Extended Service Plan” (ESP) means an extension of the Base Warranty with one or two years.

 

  1.5.

Extended Warranty” means the extended warranty in place for the sale of new Polestar cars for the prevailing number of years of warranty that the Purchaser provides for new Polestar cars sales with an extended warranty.

 

  1.6.

Field Service Action” means repairs resulting from safety recall campaigns for specific defaults that could influence vehicle’s safety, and repairs or damages resulting from premature deterioration of parts condition, which could have a negative impact of Polestar’s image.

 

  1.7.

Goodwill (AWA) Warranty” means the partial or full coverage of repair costs for customer cases where the vehicle Base Warranty has expired.

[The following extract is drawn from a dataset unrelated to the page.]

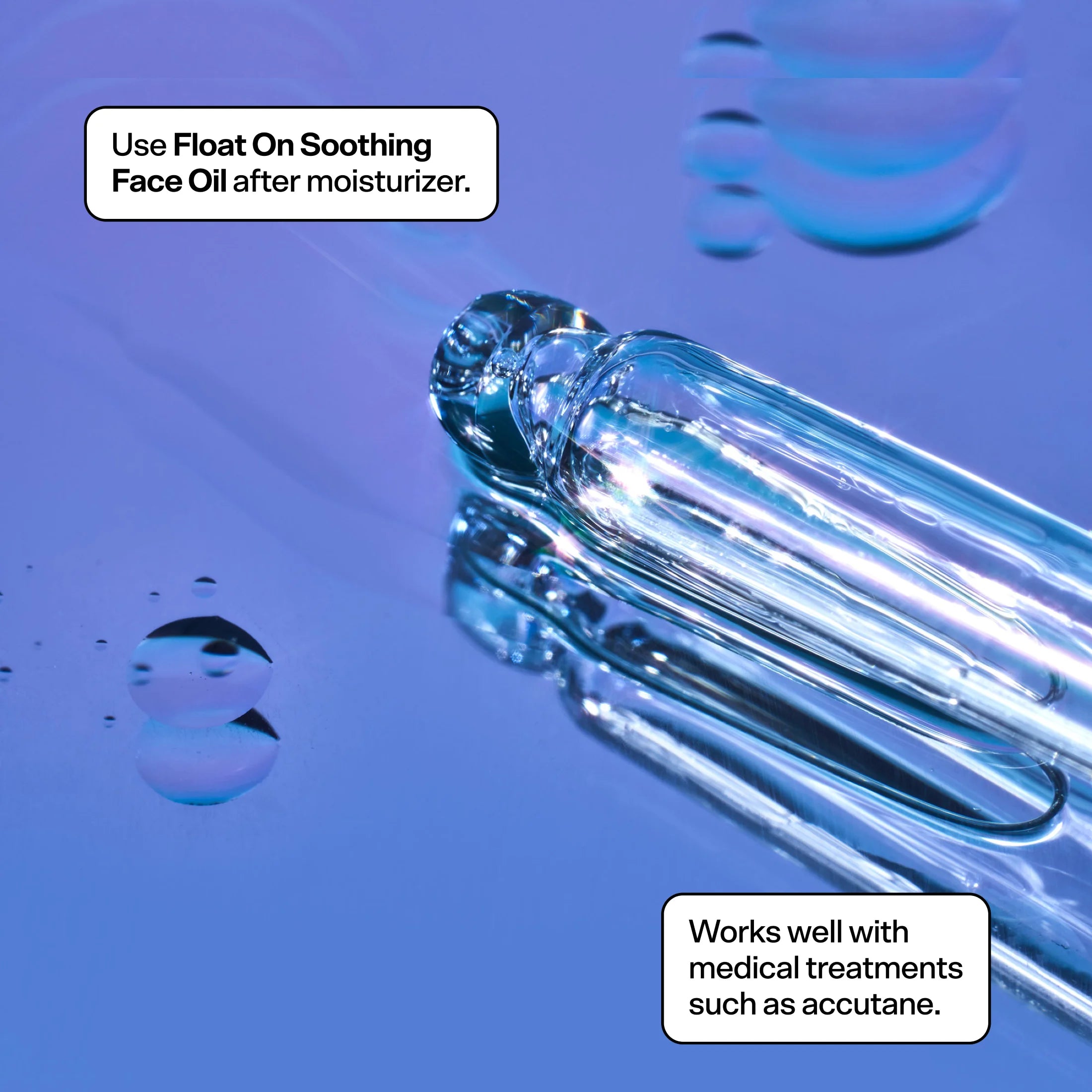 Bubble Skincare Float on Soothing Facial Oil Serum, for All Skin Types, Everyday Care,1 Fl Oz / 30Ml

The Goodwill (AWA) Warranty assists to improve customer satisfaction metrics.

 

  1.8.

Polestar Vehicles” means new Polestar branded cars imported by Seller into the Territory, for resale to Purchaser. For the avoidance of doubt, used cars, test cars or pre-series cars are not included.

 

  1.9.

Principal” means Polestar Performance AB, a company registered in Sweden and Purchaser’s parent company, which is Seller’s supplier of Polestar Vehicles.

 

  1.10.

Territory” means United States of America, excluding Puerto Rico.

 

  1.11.

Third Party” means a party other than any of the Parties and/or an Affiliate of one of the Parties to this Sale & Purchase Agreement.

 

  1.12.

Trademarks” means trademarks (including part numbers that are trademarks), service marks, logos, trade names, business names, assumed names, trade dress and get-up, and domain names, in each case whether registered or unregistered, including all applications, registrations, renewals and the like, in each case to the extent they constitute rights that are enforceable against Third Parties.

 

  1.13.

Transfer Price” means the price at which Seller sells the Polestar Vehicles to Purchaser.

 

2.

Undertakings of Seller

 

  2.1.

Seller will sell Polestar Vehicles to Purchaser on the terms set out in this Sale & Purchase Agreement. For the avoidance of doubt, the importation process is carried out by Seller prior to the sale to Purchaser.

 

  2.2.

The obligation of Seller to sell Polestar Vehicles may be met by supplying Polestar Vehicles directly from or through any of Seller’s Affiliates.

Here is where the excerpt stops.